De verdachte heeft samen met een ander geprobeerd om vanaf de openbare weg, op klaarlichte dag en met inbrekerswerktuigen op zak, een toegangsdeur open te krijgen die leidde naar boxruimten waarin spullen van het betreffende wooncomplex waren opgeslagen. Slechts doordat een alerte buurtbewoner de politie heeft gealarmeerd zijn de verdachte en zijn kompaan niet verder gekomen dan een poging tot inbraak. Deze uiterst brutale handelwijze getuigt van een gebrek aan respect voor de eigendommen van anderen. Dergelijke vergrijpen versterken bovendien gevoelens van onveiligheid in de maatschappij in het algemeen, en bij de bewoners van dat complex in het bijzonder. Blijkens een de verdachte betreffend uittreksel uit de Justitiële Documentatie van 25 maart 2019 is hij eerder en herhaaldelijk ter zake van vermogensdelicten onherroepelijk veroordeeld. Dit wordt in het nadeel van de verdachte gewogen. In het licht daarvan acht het hof, met de rechtbank, in beginsel de oplegging van een onvoorwaardelijke gevangenisstraf gerechtvaardigd. Het hof ziet echter aanleiding hiervan af te wijken gelet op het volgende.
De verdachte heeft ter terechtzitting in hoger beroep het aan hem tenlastegelegde bekend en ervan blijk gegeven de ernst van zijn daad te hebben ingezien. Dit laatste is op het hof oprecht overgekomen. De aanhouding in deze zaak op 17 november 2016 lijkt een kantelpunt te zijn geweest. Sindsdien probeert hij zijn leven op orde te krijgen. Zo heeft hij zijn cocaïnegebruik weten te staken en werk als timmerman gevonden. Daarnaast heeft hij een vaste relatie gekregen, heeft hij de (gedeelde) zorg voor zijn kinderen en is een oplossing gevonden voor zijn schuldenproblematiek. Een en ander vindt in zoverre weerklank in genoemd uittreksel uit de Justitiële Documentatie daar daaruit blijkt dat de verdachte na 17 november 2016 geen vermogensmisdrijven heeft begaan die ter kennis van justitie zijn gekomen. Daarmee lijkt een hardnekkig recidivepatroon vooralsnog te zijn doorbroken. Het hof acht het bij die stand van zaken niet opportuun om aan de verdachte een vrijheidsstraf op te leggen en zal daarom volstaan met een forse werkstraf. Wel zal het hof daarnaast een voorwaardelijke gevangenisstraf opleggen, teneinde de verdachte ervan te weerhouden opnieuw strafbare feiten te plegen.
Het hof acht, alles afwegende, een taakstraf en voorwaardelijke gevangenisstraf van na te melden duur passend en geboden.

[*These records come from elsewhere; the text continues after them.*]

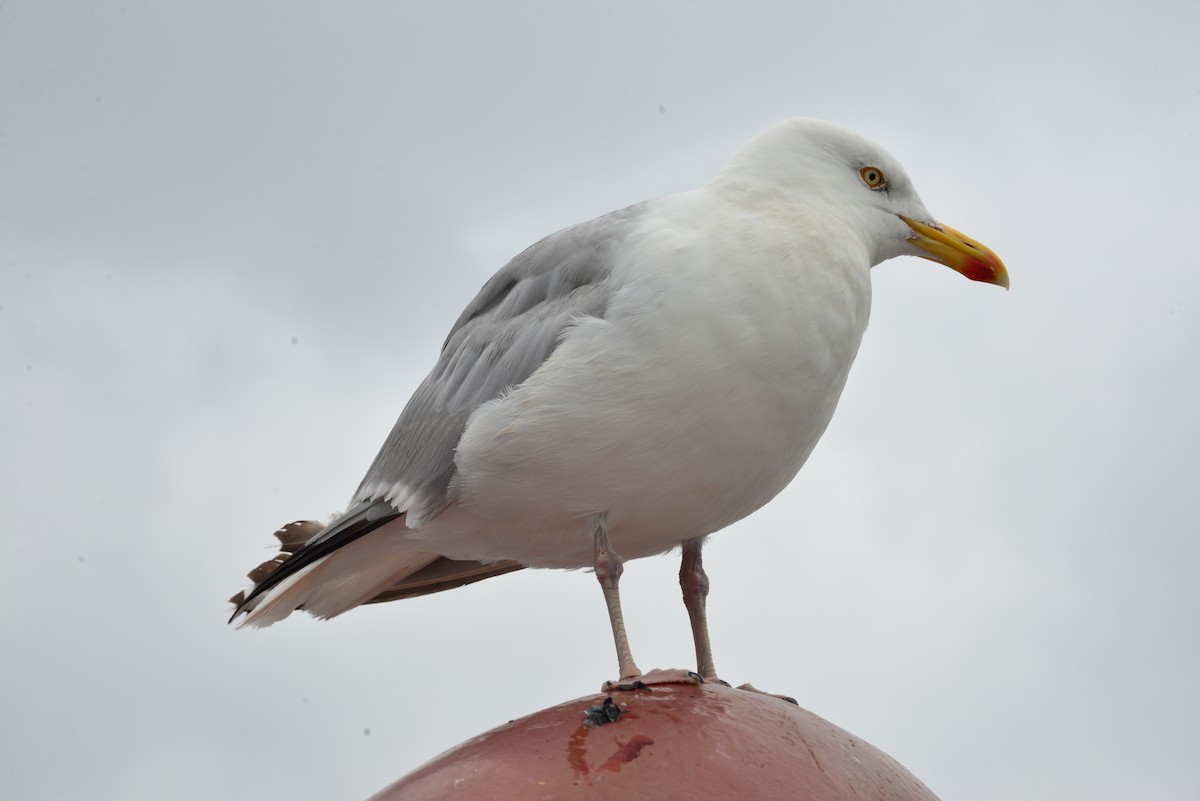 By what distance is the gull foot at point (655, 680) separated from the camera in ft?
16.6

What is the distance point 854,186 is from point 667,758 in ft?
9.91

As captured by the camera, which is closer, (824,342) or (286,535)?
(824,342)

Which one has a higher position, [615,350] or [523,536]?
[615,350]

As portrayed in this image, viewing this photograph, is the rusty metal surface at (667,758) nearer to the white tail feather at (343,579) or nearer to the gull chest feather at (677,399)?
the gull chest feather at (677,399)

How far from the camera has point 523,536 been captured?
6.00 metres

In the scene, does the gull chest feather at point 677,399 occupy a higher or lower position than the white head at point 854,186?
lower

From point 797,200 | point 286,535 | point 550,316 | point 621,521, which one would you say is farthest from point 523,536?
point 797,200

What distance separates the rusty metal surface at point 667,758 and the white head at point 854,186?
2.29 meters

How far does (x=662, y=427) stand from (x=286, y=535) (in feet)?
7.73

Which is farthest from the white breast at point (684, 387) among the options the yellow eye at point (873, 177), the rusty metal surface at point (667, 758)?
the rusty metal surface at point (667, 758)

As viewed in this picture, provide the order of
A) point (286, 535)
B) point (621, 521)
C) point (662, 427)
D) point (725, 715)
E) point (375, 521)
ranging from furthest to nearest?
point (286, 535), point (375, 521), point (621, 521), point (662, 427), point (725, 715)

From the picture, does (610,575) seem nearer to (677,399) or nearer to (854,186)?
(677,399)

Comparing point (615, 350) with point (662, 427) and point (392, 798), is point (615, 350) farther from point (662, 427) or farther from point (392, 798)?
point (392, 798)

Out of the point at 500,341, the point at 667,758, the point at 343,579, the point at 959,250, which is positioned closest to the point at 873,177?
the point at 959,250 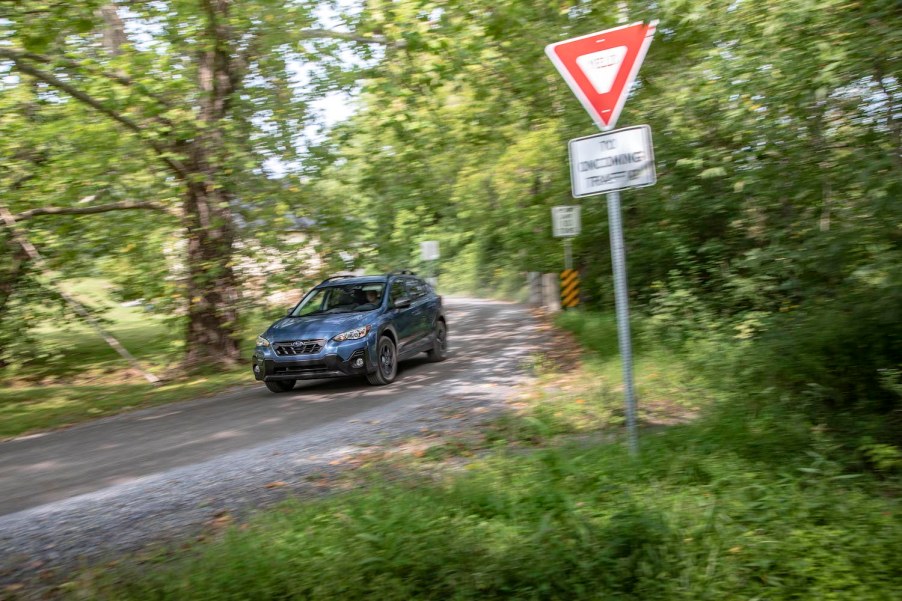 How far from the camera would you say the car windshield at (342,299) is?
12.9 m

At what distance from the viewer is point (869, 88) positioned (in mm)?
8461

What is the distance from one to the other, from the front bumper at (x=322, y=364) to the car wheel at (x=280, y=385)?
1.28 feet

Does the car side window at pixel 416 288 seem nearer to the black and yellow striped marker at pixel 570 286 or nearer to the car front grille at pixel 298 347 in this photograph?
the car front grille at pixel 298 347

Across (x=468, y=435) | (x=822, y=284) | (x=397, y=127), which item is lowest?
(x=468, y=435)

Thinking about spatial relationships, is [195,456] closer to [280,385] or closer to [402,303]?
[280,385]

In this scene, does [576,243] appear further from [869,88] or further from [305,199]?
[869,88]

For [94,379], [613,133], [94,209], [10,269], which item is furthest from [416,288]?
[613,133]

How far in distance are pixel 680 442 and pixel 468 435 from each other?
2.39 m

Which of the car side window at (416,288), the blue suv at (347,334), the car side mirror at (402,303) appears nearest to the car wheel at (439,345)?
the blue suv at (347,334)

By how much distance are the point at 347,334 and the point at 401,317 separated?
1.73 metres

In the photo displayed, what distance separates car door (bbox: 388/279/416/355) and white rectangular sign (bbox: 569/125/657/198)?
A: 7.32m

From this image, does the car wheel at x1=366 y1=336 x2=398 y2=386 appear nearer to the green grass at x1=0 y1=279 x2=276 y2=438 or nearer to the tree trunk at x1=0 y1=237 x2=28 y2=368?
the green grass at x1=0 y1=279 x2=276 y2=438

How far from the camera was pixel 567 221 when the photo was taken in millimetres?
17594

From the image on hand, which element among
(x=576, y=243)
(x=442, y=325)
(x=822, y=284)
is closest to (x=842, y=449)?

Toepasselijke wettelijke voorschriften

De op te leggen straf is gegrond op de artikelen 14a, 14b, 14c, 22c, 22d, 45, 63 en 311 van het Wetboek van Strafrecht.
Deze wettelijke voorschriften worden toegepast zoals geldend ten tijde van het bewezen verklaarde.

BESLISSING

Het hof:
Vernietigt het vonnis waarvan beroep en doet opnieuw recht:
Verklaart zoals hiervoor overwogen bewezen dat de verdachte het primair ten laste gelegde heeft begaan.
Verklaart niet bewezen hetgeen de verdachte meer of anders is ten laste gelegd dan hierboven is bewezen verklaard en spreekt de verdachte daarvan vrij.
Verklaart het primair bewezen verklaarde strafbaar, kwalificeert dit als hiervoor vermeld en verklaart de verdachte strafbaar.
Veroordeelt de verdachte tot een
gevangenisstrafvoor de duur van
31 (eenendertig) dagen.
Bepaalt dat een gedeelte van de gevangenisstraf, groot
30 (dertig) dagen, niet ten uitvoer zal worden gelegd, tenzij de rechter later anders mocht gelasten omdat de verdachte zich voor het einde van een proeftijd van
2 (twee) jarenaan een strafbaar feit heeft schuldig gemaakt.
Beveelt dat de tijd die door de verdachte vóór de tenuitvoerlegging van deze uitspraak in enige in artikel 27, eerste lid, of artikel 27a van het Wetboek van Strafrecht bedoelde vorm van voorarrest is doorgebracht, bij de uitvoering van de opgelegde gevangenisstraf in mindering zal worden gebracht, voor zover die tijd niet reeds op een andere straf in mindering is gebracht.
Veroordeelt de verdachte tot een
taakstrafvoor de duur van
90 (negentig) uren, indien niet naar behoren verricht te vervangen door
45 (vijfenveertig) dagen hechtenis.
Dit arrest is gewezen door de meervoudige strafkamer van het gerechtshof Amsterdam, waarin zitting hadden mr. W.M.C. Tilleman, mr. C.N. Dalebout en mr. J.J.I. de Jong, in tegenwoordigheid van mr. D. Boessenkool, griffier, en is uitgesproken op de openbare terechtzitting van dit gerechtshof van 23 april 2019.
mrs. C.N. Dalebout en J.J.I. de Jong zijn buiten staat dit arrest mede te ondertekenen.
========================================================================
[…]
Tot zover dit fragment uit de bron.